To address these limitations, we present a comprehensive understanding of the voltage variations observed during initial Li metal cycling, which is directly correlated to morphology evolution through the use of operando video microscopy [1]. A custom-designed visualization cell was developed to enable in situ synchronized observation of Li metal electrode morphology and electrochemical behavior during cycling. A mechanistic understanding of the complex behavior of these electrodes is gained through correlation with continuum-scale modeling, which provides insight into the dominant surface kinetics. This work provides a comprehensive explanation of (1) when dendrite nucleation occurs, (2) how those dendrites evolve as a function of time, (3) when surface pitting occurs during Li electrodissolution, (4) kinetic parameters that dictate overpotential as the electrode morphology evolves, and (5) how this understanding can be applied to evaluate electrode performance in a variety of electrolytes. An understanding of how the impedance of reaction pathways change during cycling is used to provide predictive insight into the behavior lithium metal anodes.
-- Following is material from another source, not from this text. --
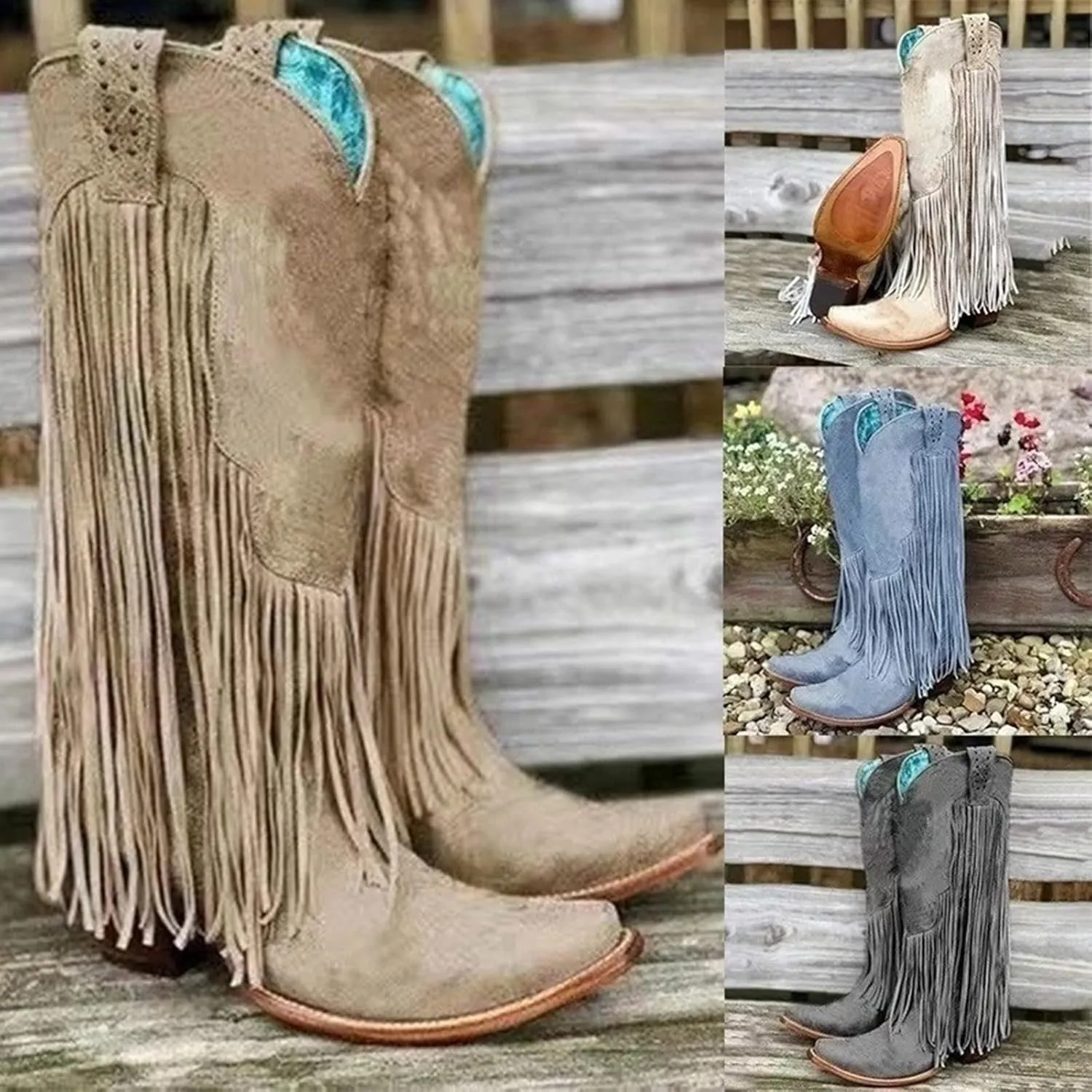 Cowboy Boots for Women Knee High Boots Women Large Size Chunky Heel Tassel Boots High Heel Shoes Thigh High Booties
This provides detailed insight into the interplay between morphology and the dominant electrochemical processes occurring on the Li electrode surface through an improved understanding of changes in cell voltage, which represents a powerful new platform for analysis.

References:

1. K. N. Wood, E. Kazyak, A. F. Chadwick, K.-H. Chen, J.-G. Zhang, K. Thornton, N. P. Dasgupta, ACS Central Science 2, 790 (2016).